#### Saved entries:
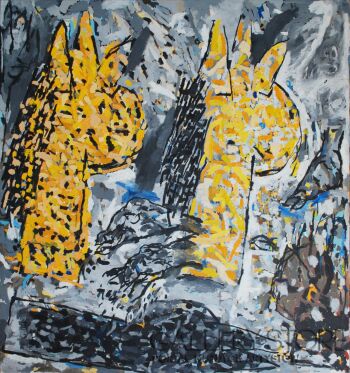 First29067 Last29067-z cyklu Pies "two yellow dogs" -Olej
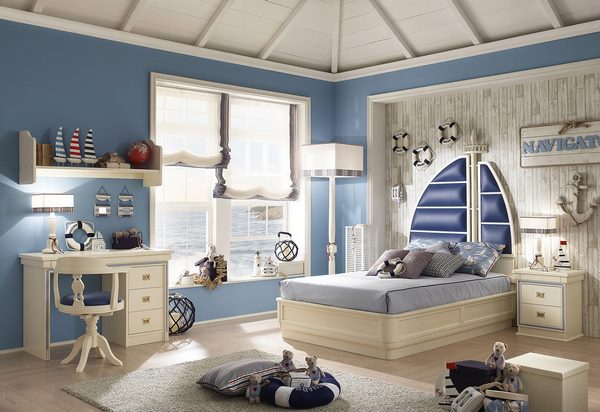 marine theme bedroom in blue and white cool kids rooms ideas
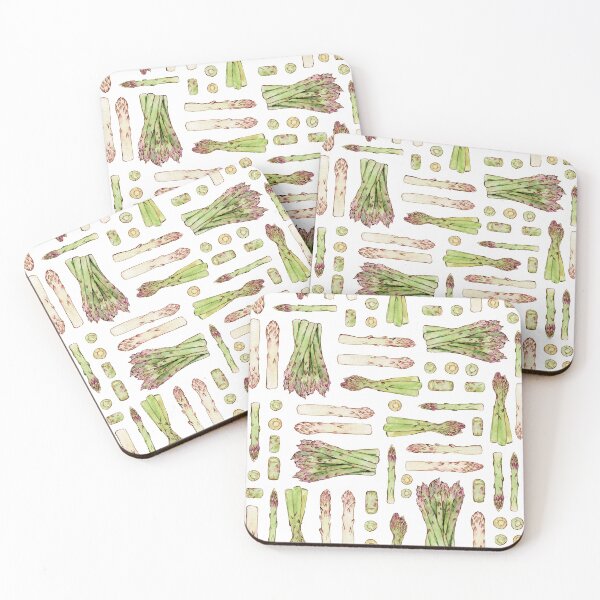 Item preview, Colorful fresh asparagus watercolor pattern on white designed and sold by AnjeseAnna.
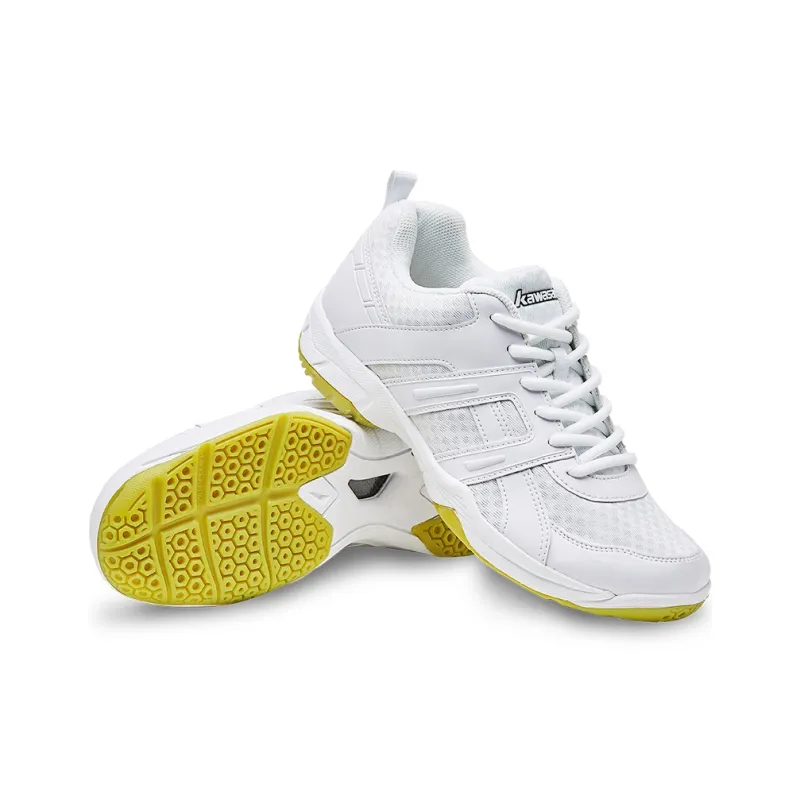 Kawasaki Anti Slip Wear Resistant Breathable Lightweight Coverage Low Top Badminton Shoes Unisex White Cyan-1
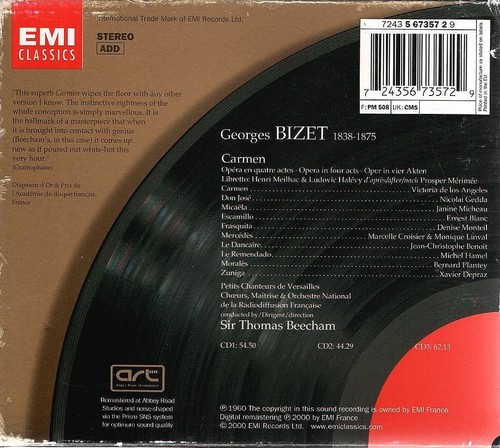 Bizet - Carmen (3xCD Boxset 2000) Remastered Reissue; Sir Thomas Beecham - Picture 2 of 2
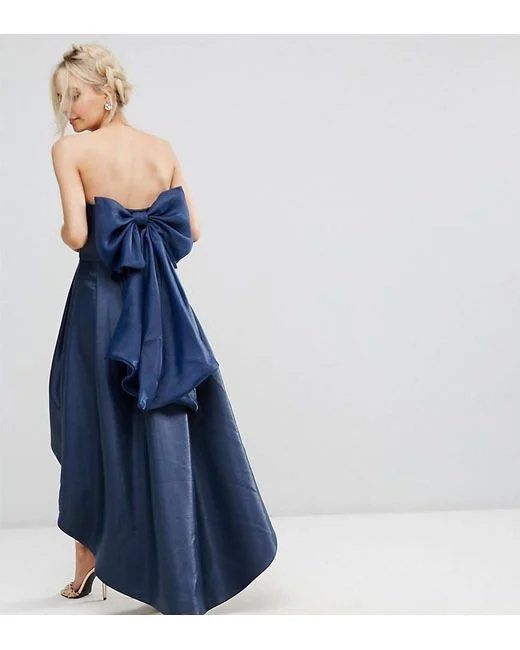 Chi Chi London Bandeau Midi Dress with Bow (Navy/Blue Gown), Women's  Fashion, Dresses & Sets, Evening dresses & gowns on Carousell
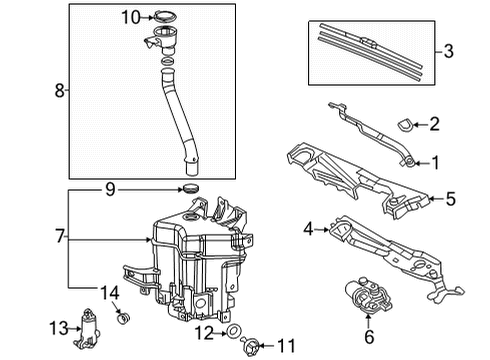 2022 Toyota Mirai Wiper & Washer Components Wiper Arm Diagram for 85221-62060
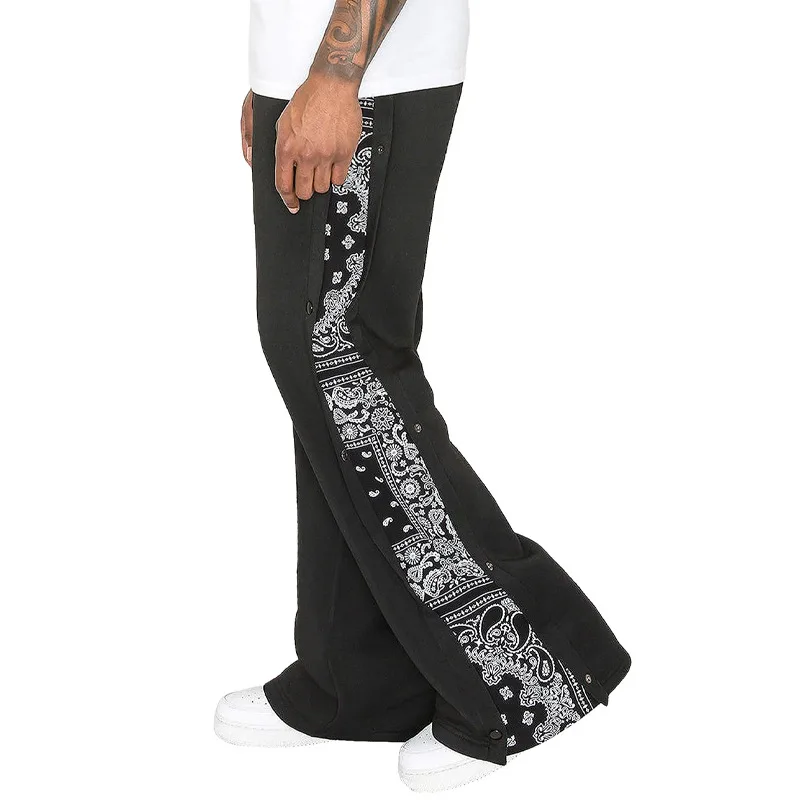 Spring Summer Men High Street Double Line Hip Hop Side Button Pants Loose West Coast Paisley Print Wide Leg Sweatpants Man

#### Exercise description:
Every line above should be copied exactly, apart from any pictures.

#### Output of the task:
 First29067 Last29067-z cyklu Pies "two yellow dogs" -Olej
 marine theme bedroom in blue and white cool kids rooms ideas
 Item preview, Colorful fresh asparagus watercolor pattern on white designed and sold by AnjeseAnna.
 Kawasaki Anti Slip Wear Resistant Breathable Lightweight Coverage Low Top Badminton Shoes Unisex White Cyan-1
 Bizet - Carmen (3xCD Boxset 2000) Remastered Reissue; Sir Thomas Beecham - Picture 2 of 2
 Chi Chi London Bandeau Midi Dress with Bow (Navy/Blue Gown), Women's  Fashion, Dresses & Sets, Evening dresses & gowns on Carousell
 2022 Toyota Mirai Wiper & Washer Components Wiper Arm Diagram for 85221-62060
 Spring Summer Men High Street Double Line Hip Hop Side Button Pants Loose West Coast Paisley Print Wide Leg Sweatpants Man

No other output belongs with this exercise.